そうした経緯があるとはいえ、今回のオークスでルメールが再度、チェルヴィニアに乗ると決めた時には驚いた。

阪神JFで騎乗したステレンボッシュが桜花賞を制し、当時の鞍上ジョアン・モレイラは不在となるだけにこちらに乗ることもできたはずだが、ルメールは当初の想いを貫いた。

曇り空の中で行われた今年のオークス。本命とされたのは桜花賞馬のステレンボッシュだった。

ポテンシャルの高さは世代トップクラスとされた大器で桜花賞ではその爆発的な末脚を見せて快勝。

もともと距離が延びてこそとされていた馬だけに二冠制覇は限りなく濃厚とされ、単勝オッズは2.3倍という支持を集め、パドックでも堂々と周回し、女王の風格を漂わせていた。

そんなステレンボッシュの打倒1番手として押されたのが何とチェルヴィニアだった。

桜花賞で大敗したとはいえ、ルメールが信じているように素質の高さは間違いなく、さらにこちらも距離が延びてこそのタイプ。

ライトバック、スウィープフィートらの桜花賞好走組を差し置いてまで単勝オッズ5.6倍の2番人気。
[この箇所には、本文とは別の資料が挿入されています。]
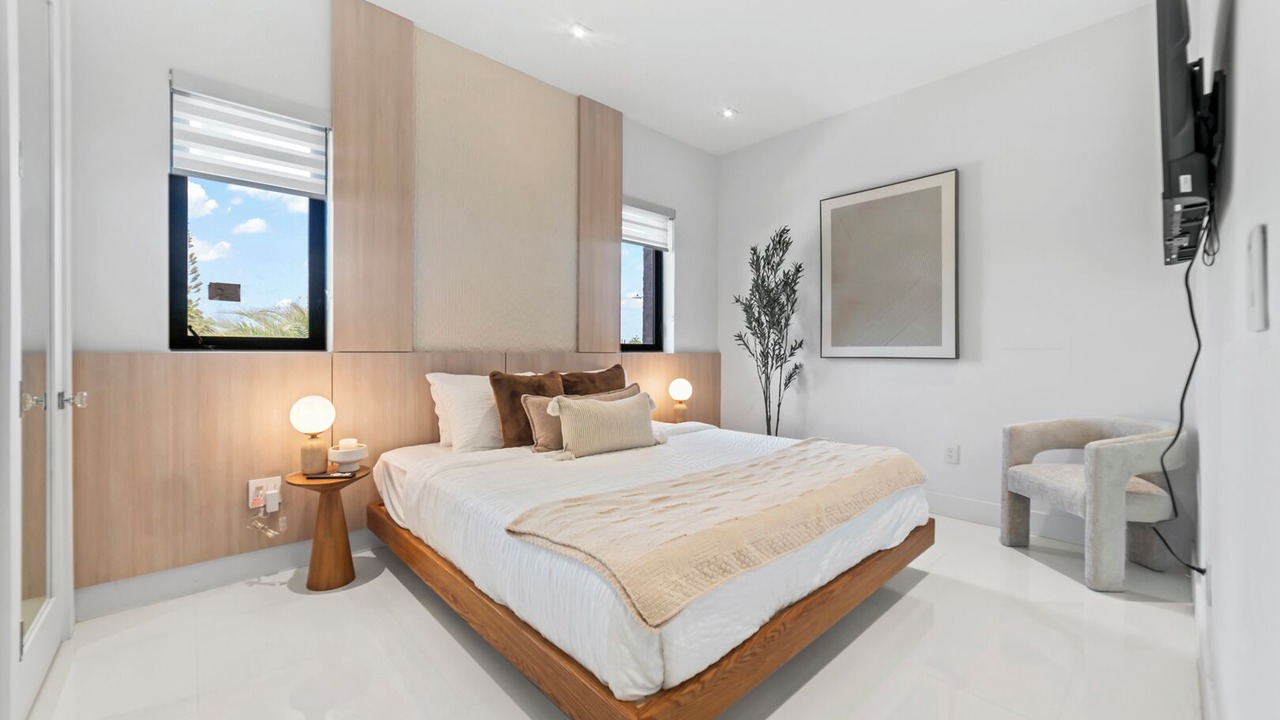 Photo of Bedroom in Ludlam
休み明けだった桜花賞からは見違えるほどのパワフルな闊歩を見せてくれた。

恐らくこの時、ルメールは確信したことだろう。「今日は勝てる」と。

スタート直後、ショウナンマヌエラとヴィントシュティレが果敢にハナを争い、その後ろにタガノエルピーダ、クイーンズウォークらが先団を形成。
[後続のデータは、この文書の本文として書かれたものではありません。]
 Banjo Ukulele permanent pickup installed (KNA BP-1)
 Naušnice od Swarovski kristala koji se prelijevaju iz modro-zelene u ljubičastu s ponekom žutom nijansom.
ステレンボッシュはちょうど真ん中くらいの位置に付け、それを見るようにチェルヴィニア、ライトバック、スウィープフィートらが付けることとなった。

前の2頭が飛ばしていき、前半の1000mは57秒7とここ5年で最も速いペースで逃げるという意外な展開に。

前2頭が馬群を離して逃げていたが、ここで脚を溜めようとしたのかそれまで1ハロン11秒5というペースで走っていたが、そこから12秒1、12秒9とペースを落としていった。

3コーナーを回るころにはヴィントシュティレが単騎逃げ、5馬身離れてショウナンマヌエラ、3番手集団が密集し末脚勝負になるという前半とは全く異なる流れで最後の直線を迎えた。

レースを引っ張ったヴィントシュティレ、ショウナンマヌエラが捕まり馬群がひと固まりになったところで最初に抜け出したのは、ランスオブクイーンとクイーンズウォークだった。

前半のハイペースでも前に付け、突然流れが落ち着いたところで脚を溜められたことがプラスとなったか、2頭が前で踏ん張っていた。

二冠を目指すステレンボッシュは内を突いた。一瞬窮屈になった場面があったが、それにめげることなく戸崎圭太の左鞭に応えるように一歩、また一歩と前を追いかけていく。

この時すでに右トモを落鉄していたというが、そんなことを微塵も感じさせない女王の走りを見せてくれた。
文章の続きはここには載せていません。